The new film Pan tells the familiar story of Peter Pan. You know the one: Peter Pan is a boy who never grows up and lives in a magical place called Neverland and has a best friend named Hook and fights an evil pirate named Blackbeard and... wait, what? Yes, this version of the classic tale is a little different than most other iterations. Instead of Pan facing off against his nemesis Captain Hook, this story reimagines Pan's story as a prequel, where he and James Hook befriend one another and team up against Blackbeard the pirate. But if you're not a Pan expert and wondering who Blackbeard is, don't worry: you're not alone. But you do have a lot to learn.
In Pan, Captain Blackbeard, portrayed by Hugh Jackman, is the leader of a villainous band of flying pirates wreaking havoc on Neverland. James Hook is a heroic miner in this version of the story (at least to start), and he has not yet become the treacherous Captain Hook everyone knows and loves to hate. Fans know that Hook eventually becomes a ruthless pirate captain and the archenemy of Peter Pan, but his origins have never really been explored to the extent that they are here. Perhaps he learns a few tricks of the trade from Blackbeard, which would actually make sense in Peter Pan lore.

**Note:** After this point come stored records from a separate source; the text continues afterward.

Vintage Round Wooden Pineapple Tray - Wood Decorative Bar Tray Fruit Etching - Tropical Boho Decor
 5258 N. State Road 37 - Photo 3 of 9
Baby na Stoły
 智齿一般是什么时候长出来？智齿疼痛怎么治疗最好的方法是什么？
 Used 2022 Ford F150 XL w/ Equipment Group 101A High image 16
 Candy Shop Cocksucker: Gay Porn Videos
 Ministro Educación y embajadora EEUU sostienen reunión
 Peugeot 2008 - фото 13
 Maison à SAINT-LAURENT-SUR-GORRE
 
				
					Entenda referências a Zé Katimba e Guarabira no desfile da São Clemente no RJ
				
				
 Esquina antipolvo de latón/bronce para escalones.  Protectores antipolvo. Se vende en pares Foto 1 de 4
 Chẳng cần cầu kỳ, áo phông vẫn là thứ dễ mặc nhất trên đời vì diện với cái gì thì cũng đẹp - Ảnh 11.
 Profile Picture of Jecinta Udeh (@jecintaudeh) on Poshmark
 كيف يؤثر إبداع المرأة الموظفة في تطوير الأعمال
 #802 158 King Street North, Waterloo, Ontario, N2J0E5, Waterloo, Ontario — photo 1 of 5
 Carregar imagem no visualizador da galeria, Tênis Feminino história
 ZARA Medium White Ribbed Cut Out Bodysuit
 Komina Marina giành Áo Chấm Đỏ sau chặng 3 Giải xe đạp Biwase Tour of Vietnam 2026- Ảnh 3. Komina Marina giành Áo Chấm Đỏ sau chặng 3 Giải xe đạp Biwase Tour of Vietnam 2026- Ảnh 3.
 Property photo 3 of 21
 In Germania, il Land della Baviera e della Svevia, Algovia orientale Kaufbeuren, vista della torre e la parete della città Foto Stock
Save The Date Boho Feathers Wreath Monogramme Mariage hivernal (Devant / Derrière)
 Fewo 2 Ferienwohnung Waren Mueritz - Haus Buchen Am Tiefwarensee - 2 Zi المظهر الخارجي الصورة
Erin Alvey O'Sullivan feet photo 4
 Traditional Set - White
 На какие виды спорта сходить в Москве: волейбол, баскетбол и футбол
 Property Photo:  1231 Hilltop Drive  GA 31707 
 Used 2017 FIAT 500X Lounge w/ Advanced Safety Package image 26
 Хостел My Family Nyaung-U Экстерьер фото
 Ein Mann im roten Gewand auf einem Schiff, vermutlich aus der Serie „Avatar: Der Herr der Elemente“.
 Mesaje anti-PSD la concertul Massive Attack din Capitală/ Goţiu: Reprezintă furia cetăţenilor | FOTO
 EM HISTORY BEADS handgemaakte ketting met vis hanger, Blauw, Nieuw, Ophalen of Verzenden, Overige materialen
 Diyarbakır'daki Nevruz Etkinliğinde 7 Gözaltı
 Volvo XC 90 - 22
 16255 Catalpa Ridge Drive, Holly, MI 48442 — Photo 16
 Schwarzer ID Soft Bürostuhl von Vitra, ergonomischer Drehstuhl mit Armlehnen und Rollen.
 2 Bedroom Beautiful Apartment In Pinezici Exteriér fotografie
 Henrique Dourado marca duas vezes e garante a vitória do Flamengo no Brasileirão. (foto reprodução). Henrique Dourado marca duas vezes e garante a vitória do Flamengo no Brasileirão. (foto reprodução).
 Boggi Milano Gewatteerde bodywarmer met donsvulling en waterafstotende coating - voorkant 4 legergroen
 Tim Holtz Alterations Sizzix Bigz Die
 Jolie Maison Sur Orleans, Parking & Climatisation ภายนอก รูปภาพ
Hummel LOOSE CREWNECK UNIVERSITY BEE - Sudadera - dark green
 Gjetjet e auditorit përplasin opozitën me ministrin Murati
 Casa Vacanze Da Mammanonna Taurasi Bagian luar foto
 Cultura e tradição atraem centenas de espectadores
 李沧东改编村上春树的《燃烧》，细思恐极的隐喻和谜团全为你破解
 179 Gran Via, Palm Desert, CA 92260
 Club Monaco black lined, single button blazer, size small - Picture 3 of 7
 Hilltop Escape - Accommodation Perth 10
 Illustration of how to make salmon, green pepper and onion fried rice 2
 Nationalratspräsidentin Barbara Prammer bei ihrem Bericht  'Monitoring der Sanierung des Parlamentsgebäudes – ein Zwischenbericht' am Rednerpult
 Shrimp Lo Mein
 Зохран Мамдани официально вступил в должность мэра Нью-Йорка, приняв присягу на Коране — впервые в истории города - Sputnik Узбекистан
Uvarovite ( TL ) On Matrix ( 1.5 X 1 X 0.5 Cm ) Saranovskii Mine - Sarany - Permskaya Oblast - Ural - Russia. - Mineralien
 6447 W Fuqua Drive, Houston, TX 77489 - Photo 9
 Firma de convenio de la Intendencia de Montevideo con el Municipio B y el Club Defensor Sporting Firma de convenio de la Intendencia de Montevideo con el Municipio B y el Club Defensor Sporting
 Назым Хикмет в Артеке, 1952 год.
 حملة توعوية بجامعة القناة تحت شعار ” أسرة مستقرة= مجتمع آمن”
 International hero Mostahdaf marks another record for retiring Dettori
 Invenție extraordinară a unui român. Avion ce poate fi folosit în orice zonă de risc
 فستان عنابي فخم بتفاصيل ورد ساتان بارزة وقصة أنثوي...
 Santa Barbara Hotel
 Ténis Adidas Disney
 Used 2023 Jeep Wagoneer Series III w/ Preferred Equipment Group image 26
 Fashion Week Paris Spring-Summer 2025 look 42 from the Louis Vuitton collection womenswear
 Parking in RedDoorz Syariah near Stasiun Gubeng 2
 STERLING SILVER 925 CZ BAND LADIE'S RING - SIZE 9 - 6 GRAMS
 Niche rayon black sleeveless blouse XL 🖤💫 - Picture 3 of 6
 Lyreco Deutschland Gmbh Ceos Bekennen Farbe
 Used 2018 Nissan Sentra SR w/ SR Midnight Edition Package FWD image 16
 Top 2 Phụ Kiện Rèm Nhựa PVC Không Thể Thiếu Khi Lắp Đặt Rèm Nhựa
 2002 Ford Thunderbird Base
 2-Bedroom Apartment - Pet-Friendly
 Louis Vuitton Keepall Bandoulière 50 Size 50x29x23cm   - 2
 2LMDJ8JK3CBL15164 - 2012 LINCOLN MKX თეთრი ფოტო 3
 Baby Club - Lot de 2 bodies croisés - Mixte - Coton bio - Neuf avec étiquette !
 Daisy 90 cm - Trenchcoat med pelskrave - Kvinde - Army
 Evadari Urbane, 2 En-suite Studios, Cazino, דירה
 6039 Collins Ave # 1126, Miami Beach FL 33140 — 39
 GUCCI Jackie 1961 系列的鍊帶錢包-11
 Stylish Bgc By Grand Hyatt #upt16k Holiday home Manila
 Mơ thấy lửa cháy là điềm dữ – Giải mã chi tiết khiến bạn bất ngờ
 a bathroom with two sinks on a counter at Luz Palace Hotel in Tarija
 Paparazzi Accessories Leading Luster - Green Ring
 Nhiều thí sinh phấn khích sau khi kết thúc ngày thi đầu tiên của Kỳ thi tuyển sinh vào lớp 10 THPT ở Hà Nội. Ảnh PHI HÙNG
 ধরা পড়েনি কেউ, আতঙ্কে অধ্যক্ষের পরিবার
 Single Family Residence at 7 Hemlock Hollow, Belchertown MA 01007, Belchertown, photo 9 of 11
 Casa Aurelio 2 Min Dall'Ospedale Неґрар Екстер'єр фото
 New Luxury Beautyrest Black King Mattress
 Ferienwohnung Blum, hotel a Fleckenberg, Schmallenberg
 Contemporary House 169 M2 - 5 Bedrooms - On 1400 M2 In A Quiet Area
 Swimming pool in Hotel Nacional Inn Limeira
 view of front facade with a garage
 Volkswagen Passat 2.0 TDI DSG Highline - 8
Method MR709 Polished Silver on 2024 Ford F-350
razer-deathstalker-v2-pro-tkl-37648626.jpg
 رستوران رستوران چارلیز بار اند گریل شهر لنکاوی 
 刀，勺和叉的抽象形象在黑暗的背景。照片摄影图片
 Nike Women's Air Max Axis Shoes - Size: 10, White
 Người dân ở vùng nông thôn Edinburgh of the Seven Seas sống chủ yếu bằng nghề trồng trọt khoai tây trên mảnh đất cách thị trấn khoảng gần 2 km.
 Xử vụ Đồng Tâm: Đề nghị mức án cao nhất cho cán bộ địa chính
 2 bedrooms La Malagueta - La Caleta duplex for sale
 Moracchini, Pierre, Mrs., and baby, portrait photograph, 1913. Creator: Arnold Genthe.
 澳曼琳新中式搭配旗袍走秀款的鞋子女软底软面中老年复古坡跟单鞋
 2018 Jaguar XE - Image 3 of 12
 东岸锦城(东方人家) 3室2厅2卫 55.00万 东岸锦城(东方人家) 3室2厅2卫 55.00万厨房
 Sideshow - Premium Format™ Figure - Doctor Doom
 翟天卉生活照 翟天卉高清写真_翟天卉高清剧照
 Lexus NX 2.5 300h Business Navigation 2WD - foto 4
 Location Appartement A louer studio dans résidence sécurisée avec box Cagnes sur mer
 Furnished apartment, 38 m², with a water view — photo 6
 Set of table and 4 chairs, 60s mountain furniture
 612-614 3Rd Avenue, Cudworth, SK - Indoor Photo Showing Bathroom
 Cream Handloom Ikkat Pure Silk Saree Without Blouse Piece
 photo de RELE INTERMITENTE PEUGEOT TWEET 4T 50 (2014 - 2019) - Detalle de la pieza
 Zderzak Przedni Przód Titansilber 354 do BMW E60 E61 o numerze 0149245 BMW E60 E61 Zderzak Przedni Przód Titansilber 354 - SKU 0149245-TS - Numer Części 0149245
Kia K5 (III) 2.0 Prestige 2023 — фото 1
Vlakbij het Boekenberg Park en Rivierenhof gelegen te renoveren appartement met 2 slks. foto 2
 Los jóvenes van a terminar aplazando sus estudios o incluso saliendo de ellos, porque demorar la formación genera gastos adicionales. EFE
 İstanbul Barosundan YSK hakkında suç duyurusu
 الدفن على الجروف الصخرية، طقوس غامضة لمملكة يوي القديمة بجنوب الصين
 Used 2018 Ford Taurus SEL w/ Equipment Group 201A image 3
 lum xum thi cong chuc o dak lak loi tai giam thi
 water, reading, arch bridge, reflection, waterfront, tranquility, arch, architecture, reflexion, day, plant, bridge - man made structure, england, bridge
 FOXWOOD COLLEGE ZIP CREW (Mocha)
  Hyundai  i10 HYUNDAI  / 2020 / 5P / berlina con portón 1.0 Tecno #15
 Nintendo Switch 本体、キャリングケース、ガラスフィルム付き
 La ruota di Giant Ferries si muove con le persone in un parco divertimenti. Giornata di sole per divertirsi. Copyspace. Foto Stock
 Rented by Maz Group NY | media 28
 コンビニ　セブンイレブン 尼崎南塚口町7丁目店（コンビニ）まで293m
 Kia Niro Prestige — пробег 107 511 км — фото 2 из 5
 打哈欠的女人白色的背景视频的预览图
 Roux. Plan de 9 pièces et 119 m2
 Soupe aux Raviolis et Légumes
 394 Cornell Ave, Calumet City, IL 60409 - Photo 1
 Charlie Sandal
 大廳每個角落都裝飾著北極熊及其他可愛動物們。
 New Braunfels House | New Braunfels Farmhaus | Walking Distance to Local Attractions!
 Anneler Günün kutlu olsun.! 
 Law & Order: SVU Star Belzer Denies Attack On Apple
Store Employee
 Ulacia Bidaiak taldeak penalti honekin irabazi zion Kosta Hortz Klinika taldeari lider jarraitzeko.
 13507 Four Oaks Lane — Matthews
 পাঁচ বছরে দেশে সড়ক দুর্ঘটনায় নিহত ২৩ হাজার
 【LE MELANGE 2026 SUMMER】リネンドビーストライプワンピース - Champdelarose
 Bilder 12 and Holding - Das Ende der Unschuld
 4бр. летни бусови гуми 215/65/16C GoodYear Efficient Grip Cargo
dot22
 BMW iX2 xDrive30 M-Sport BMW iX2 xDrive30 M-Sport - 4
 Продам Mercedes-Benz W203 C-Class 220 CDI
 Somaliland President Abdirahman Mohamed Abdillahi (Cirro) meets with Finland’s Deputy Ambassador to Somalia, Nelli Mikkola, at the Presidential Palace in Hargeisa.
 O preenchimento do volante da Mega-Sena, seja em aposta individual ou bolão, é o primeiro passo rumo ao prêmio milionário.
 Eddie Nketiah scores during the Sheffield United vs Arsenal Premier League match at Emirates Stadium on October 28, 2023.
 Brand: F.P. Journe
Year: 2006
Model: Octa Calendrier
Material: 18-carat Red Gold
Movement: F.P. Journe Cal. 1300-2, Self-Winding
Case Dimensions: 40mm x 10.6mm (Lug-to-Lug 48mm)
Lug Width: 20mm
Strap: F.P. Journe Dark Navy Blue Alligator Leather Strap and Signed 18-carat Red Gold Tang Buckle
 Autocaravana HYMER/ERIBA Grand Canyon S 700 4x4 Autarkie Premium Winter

In the original Peter Pan novel, first published in 1911, Captain Hook is said to have been the boatswain of Blackbeard. A boatswain is an important member of a ship's crew and is responsible for the ship's hull. So it's safe to say that Hook was a pretty prominent member of Blackbeard's gang. This likely served as the basis for Blackbeard's inclusion in Pan, but it also is interesting in that it mixes history with fiction. For you see, Captain Hook may not be a real person, but Captain Blackbeard definitely was.
Blackbeard, whose real name was Edward Teach, is probably the most notorious pirate who ever lived. He was born in Britain around 1680, and worked on a British privateer in Jamaica as a young man. During the War of the Spanish Succession, privateers were allowed by the motherland to rob and plunder Spanish and French ships without being criminalized for it, and Teach developed a knack for piracy. He eventually joined up with a crew of Caribbean pirates and subsequently became their leader. He stole a large French ship and renamed it Queen Anne's Revenge, fortifying it with weaponry to become one of the most-feared in the sea and the chief ship among his growing fleet. He terrorized the Caribbean and the East Coast of the future U.S. beginning around 1716, amassing wealth and spreading fear.
His moniker came from his epic beard, which was said to have been extremely long and so full that it reached his eyes. He would keep it in braids and tie it full of black ribbons, clearly taking pride in himself as a beardsman. He also would stick lit matches under his hat when heading to battle, in order to give himself a more frightful and demonic appearance. In one of his more memorable acts, he held the entire city of Charleston, South Carolina for ransom in 1718, and was successful in making them pay it.
Blackbeard's reign of terror ended in November of 1718, when he was hunted down by Lieutenant Robert Maynard of the Royal Navy. Maynard caught up with Blackbeard off the North Carolina coast, and a battle ensued. Maynard lost a third of his men to gunfire from Blackbeard's ship before coming on board, where the rest of the fighting took place on deck. Blackbeard and Maynard actually ended up squaring off against one another, and Blackbeard broke Maynard's sword with his own. But before the pirate could do any more damage, he was overtaken and killed by Maynard's men. An examination of Blackbeard's body revealed he had been shot five times and stabbed 20 more before he gave in, and his head was hung from Maynard's ship as a trophy.
Obviously, Blackbeard was a larger-than-life character, so it's no wonder the producers of Pan have decided to place him in Neverland. The guy is one of the world's most storied villains, and his appearance in Pan should only add to his legend.